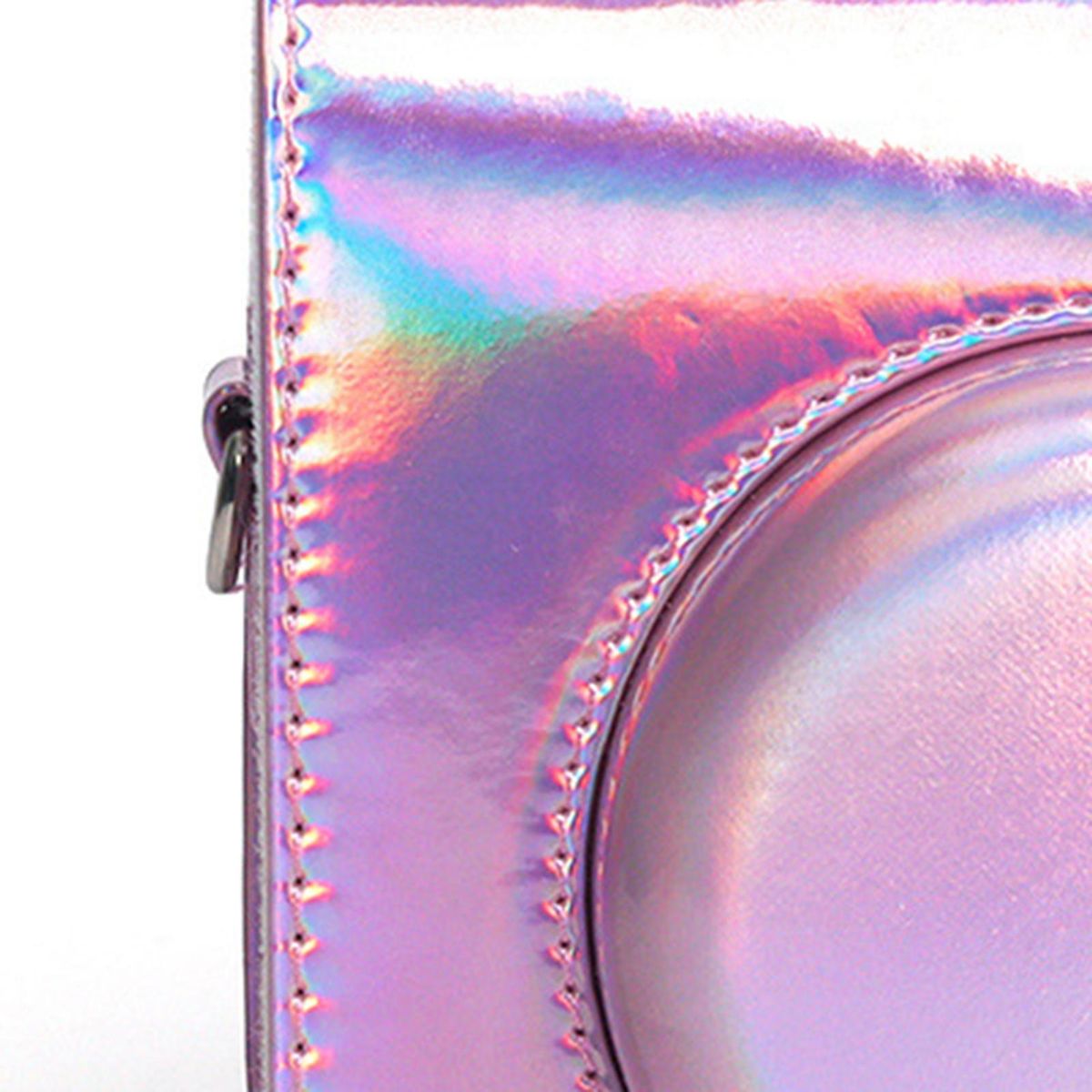 Premium Faux Leather Camera Bag for Polaroid Instax Mini 12 Shockproof Pink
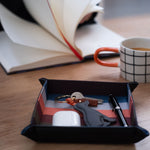 Men's Vegan Leather Catch All Tray | Multi Stripe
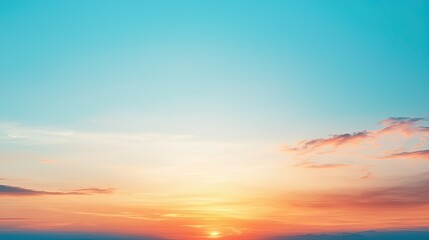 Sunset over calm horizon coastal landscape nature photography tranquil environment wide viewpoint serenity concept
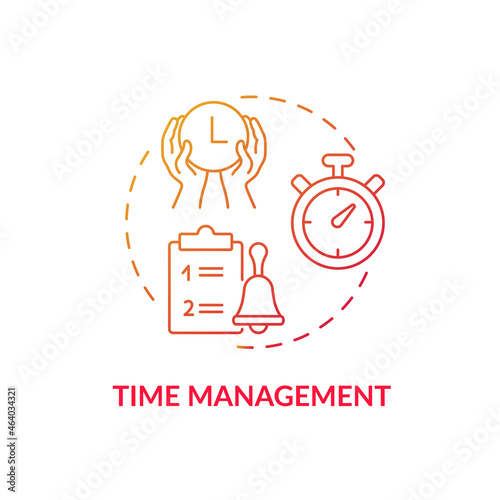 Time management concept icon. Parenting tip for ADHD abstract idea thin line illustration. Increasing productivity. Strategy to meet deadlines. Daily routine. Vector isolated outline color drawing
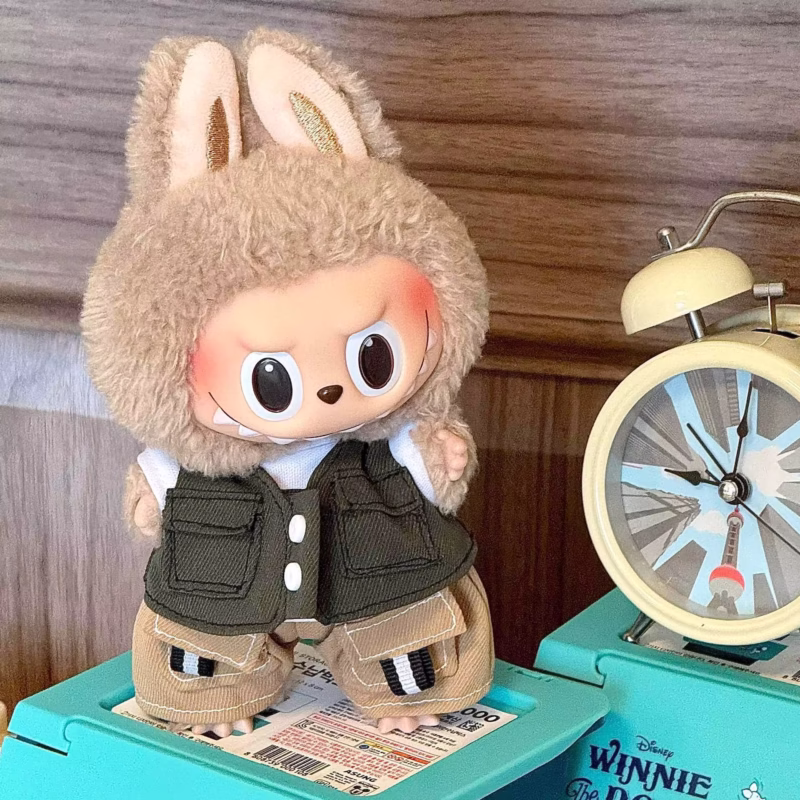Overalls Casual Denim 3-Piece Set, 17cm Labubu Outfit, Tiny Gentleman DIMOO Outfit - Image 2
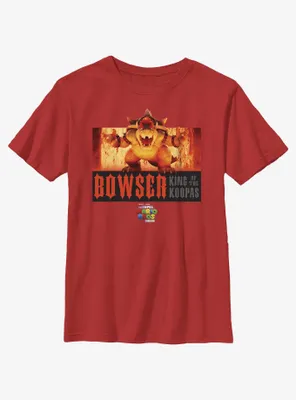 The Super Mario Bros. Movie Flaming King Bowser Poster Youth T-Shirt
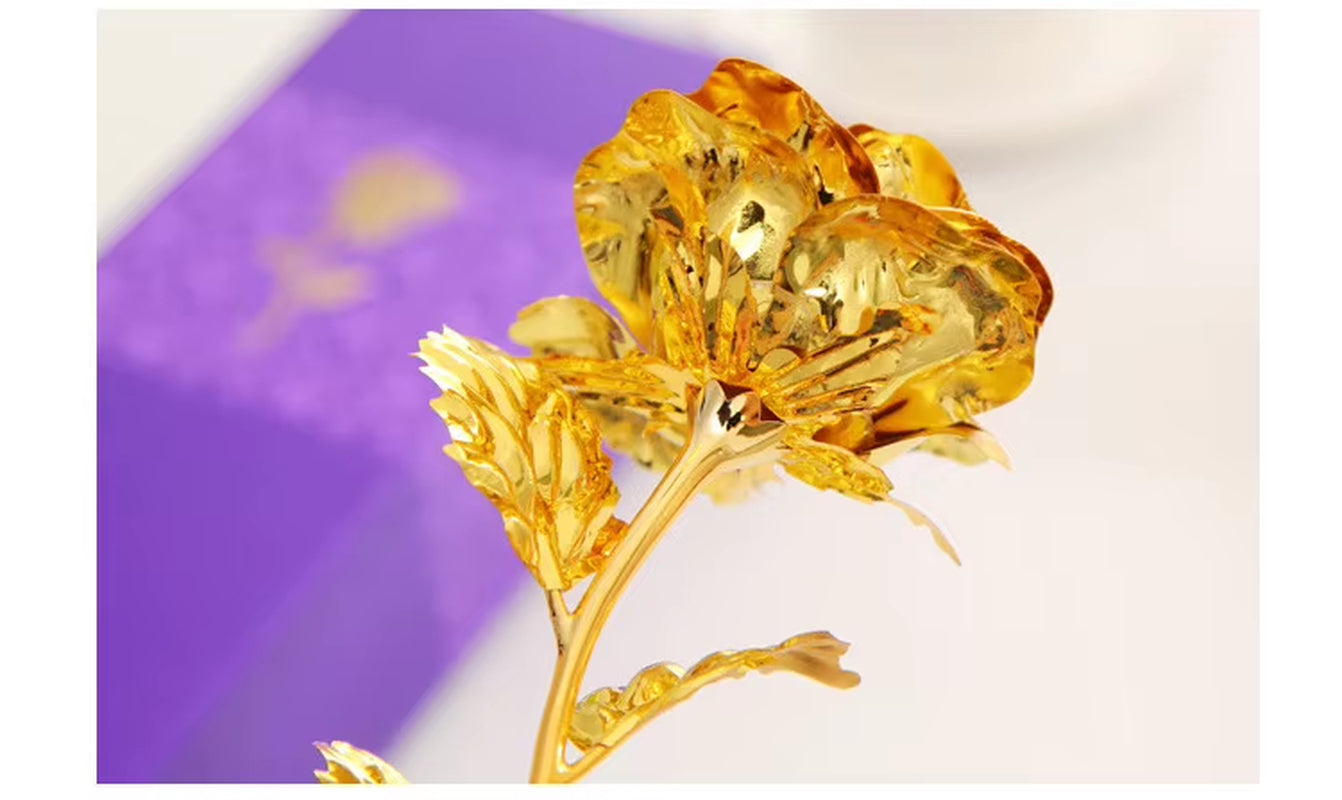 Best Gift for Girlfriend Golden Rose Wedding Decoration Golden Flower Valentine'S Day Gift Gold Rose Gold Flower with Box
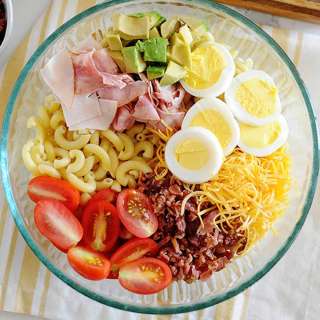 Easy Cobb Pasta Salad Recipe with Bacon & Boiled Egg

◆ **Required work**
Reproduce the listing above from the line that holds "Men's Vegan Leather" through the line that holds "Time management concept", both included, with the pictures left out.

◆ **Answer box**
 Men's Vegan Leather Catch All Tray | Multi Stripe
 Sunset over calm horizon coastal landscape nature photography tranquil environment wide viewpoint serenity concept
 Time management concept icon. Parenting tip for ADHD abstract idea thin line illustration. Increasing productivity. Strategy to meet deadlines. Daily routine. Vector isolated outline color drawing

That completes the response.